CIMB Bank Bhd. #A-/A-2# Ratings Affirmed With Stable SACP Revised To #a-# From #bbb+#

Stocks and Financial Services Press Releases Monday October 16, 2017 17:40
SINGAPORE--16 Oct--S&P Global Ratings

SINGAPORE (S&P Global Ratings) Oct. 16, 2017--S&P Global Ratings affirmed its 'A-' long-term and 'A-2' short-term issuer credit ratings on CIMB Bank Bhd. (CIMBB) and CIMB Investment Bank Bhd. (CIMBIB). The outlook on the long-term rating is stable. CIMBB is the main operating subsidiary of CIMB Group Holdings Bhd. (CIMB Group), and CIMBIB is the investment banking subsidiary of CIMB Group.

We affirmed the rating on CIMBB because we expect the bank to maintain its business position, strong funding capacity, and improved capitalization over the next 18-24 months. We expect CIMBB to maintain its position among the top three largest Malaysian banks. CIMBB has established itself as a leading regional bank with a focus on countries in the Association of Southeast Asian Nations (ASEAN), and is more geographically diversified than domestic peers. CIMBB's large, stable retail deposit base underpins its funding profile. The bank's exposure to higher risk emerging markets and margin pressure in its home market are constraining factors.
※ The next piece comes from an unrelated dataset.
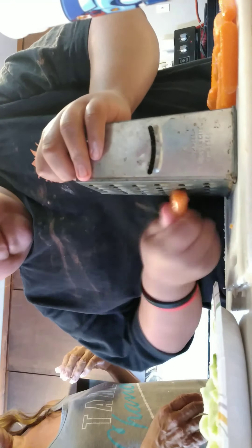Don't grate your fingers, okay? I'm going to grate some carrots.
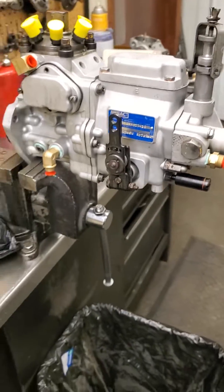Hey guys, Levi from diesel performance here. I got a question on how to time a Model 100 injection pump, so I figured I'd make a quick video. Model 100s went on Internationals and Allis Chalmers for the most part — 66 series, 86 series Internationals, 8050 Allis Chalmers.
We revised CIMBB's stand-alone credit profile (SACP) to 'a-' from 'bbb+' because of the bank's strengthened capital position. The bank's capital ratio has been steadily improving in recent years. Management has taken a disciplined approach to bolster its capital buffers in anticipation of slower economic growth, both domestically and in other ASEAN economies where it operates. This is consistent with CIMBB's "Target 2018" initiatives to optimize capital, tighten costs, and grow prudently in a tough operating environment. The bank's slower, more careful loan growth and high profit retention also supported its capital enhancement efforts. A dividend reinvestment scheme with a high dividend reinvestment rate exceeding 80% in 2016 underpinned the bank's high profit retention.

We expect CIMBB to maintain the S&P Global Ratings risk-adjusted capital (RAC) ratio at 8%-8.5% over the next 18-24 months. Our assumptions factor in loan growth of 5%-7% and a prudent dividend payout to support earnings retention. We expect the bank's net interest margins to decline 5-10 basis points due to competition, and credit costs to increase slightly due to a generally challenging macro environment. This will be partially offset by tight cost control and efficiency improvements.

In our view, CIMBB's reported nonperforming loans and credit costs could deteriorate further in 2017 as the credit cycle plays out after increasing slightly in 2016. Malaysia's oil and gas sector continues to grapple with depressed oil prices and excess capacity, particularly in the upstream or support services sector. CIMBB's limited exposure to this sector (less than 3% of total loans) caps the downside risks. The bank has also taken a more circumspect approach to its regional expansion into higher yielding economies such as Thailand. It has recently exited the unsecured credit card business in Thailand, and trimmed its branches by almost half as part of its strategy to de-risk and shift away from retail toward the mid-to-higher-end customer segment.

We affirmed the rating on CIMBIB because we continue to view CIMBIB as a core entity of the group.

The stable outlook on CIMBB reflects our view that the bank's SACP will remain resilient over the next two years despite asset quality pressure in its main markets. We believe that any extraordinary government support is likely to flow through CIMBB as the main operating subsidiary of CIMB Group in Malaysia rather than any other group entities. The ratings and outlook on CIMBB will move in tandem with the sovereign credit rating on Malaysia (foreign currency A-/Stable/A-2; local currency A/Stable/A-1), in line with our assessment of the bank as a highly systemic institution in the country.

We are unlikely to lower the ratings on CIMBB in the next 18-24 months because a downgrade will require the bank's financial profile to weaken significantly such that its SACP declines to 'bbb-'. This could happen, for instance, due to aggressive expansion, particularly in higher-risk emerging markets, and if credit losses are materially higher than our base-case expectation.

The likelihood that we may raise the ratings on CIMBB over the next 18-24 months is low as it requires both the bank's SACP and the long-term foreign currency sovereign credit rating on Malaysia to go up. We do not rate CIMBB higher than Malaysia because the bank primarily operates in that country and we do not expect it to be able to withstand the stress associated with a sovereign default.

The stable outlook on CIMBIB reflects the stable outlook on CIMBB. The outlook also reflects our expectation that CIMBIB will remain a core entity of CIMB Group. We expect the rating on CIMBIB to move in tandem with the rating on CIMBB.